The film opens at a small high school in a small Texas town. There we find Coach Don Haskins (Josh Lucas) coaching a girls' basketball. Because the officials at Texas Western University have heard that Coach Haskins was a fine basketball coach, they have sent representatives to offer him a job coaching their men's fledging basketball team. Therefore, Coach Haskins travels to Texas Western to check out the program. Once he gets to campus, he accepts the job and moves himself and his family the men's athletic dorm. On the day that Coach Haskins meets the team, he finds just what he expected--several white players who have or display little talent for the game and one African-American player who has the requisite talent. However, the African-American Player was used as a last resort.
After Coach Haskins does accept the job, he sees that the one African- American player has real talent, as well as a genuine passion for the game of basketball.

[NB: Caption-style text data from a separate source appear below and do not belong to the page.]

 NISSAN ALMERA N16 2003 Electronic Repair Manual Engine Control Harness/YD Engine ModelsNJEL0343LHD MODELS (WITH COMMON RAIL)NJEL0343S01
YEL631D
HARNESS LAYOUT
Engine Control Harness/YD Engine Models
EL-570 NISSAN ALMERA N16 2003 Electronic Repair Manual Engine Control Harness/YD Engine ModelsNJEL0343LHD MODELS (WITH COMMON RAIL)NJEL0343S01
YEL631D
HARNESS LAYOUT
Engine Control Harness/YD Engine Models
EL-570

Therefore, Coach Haskins goes recruiting with little help from the university and brings a team of seven African-American but only five white players. The movie gave the impression that Coach Haskins sees more potential in his African-American players because of their greater passion for the game of basketball. Hence, Coach Haskins ends up with a primarily African-American team, unlike that of any other in college basketball. At the same time, his team is very good and starts to win. Unfortunately, the team members--both white and African--American are mocked and called inappropriate names. Coach Haskins and his staff endure much ridicule but little backing from the Texas Western University President, who at times does some very ugly things to the team, such as blatantly telling Coach Haskins to start only the white players and asking for the dismissal of some of the African-American players. At last, though, Coach Haskins takes the team all the way to the 1966 National Championship to play the top-ranked University of Kentucky Wildcats, where for the first time in NCAA history five African Americans start in any basketball game, which they win.
Glory Road is a wonderful true story of how one man working with others can make a difference. It will teach the viewer how to overcome the world's biggest obstacle life itself. Throughout the movie Coach Haskins and his team struggle to overcome their many obstacles, such as name calling among many others and win the NCAA championship. The 1966 Texas Western victory will always be remembered as one of the greatest upsets in college basketball. The win actually helped lessen the prejudice of African-Americans in college basketball. Perhaps, the greatest example is legendary Kentucky coach, Adolph Rupp, who was known for being somewhat of a racist. Coach Rupp, after being defeated by Texas Western, decided that maybe Coach Haskins was on to something; and in 1972 Rupp's final year at UK he recruited their first African-American player.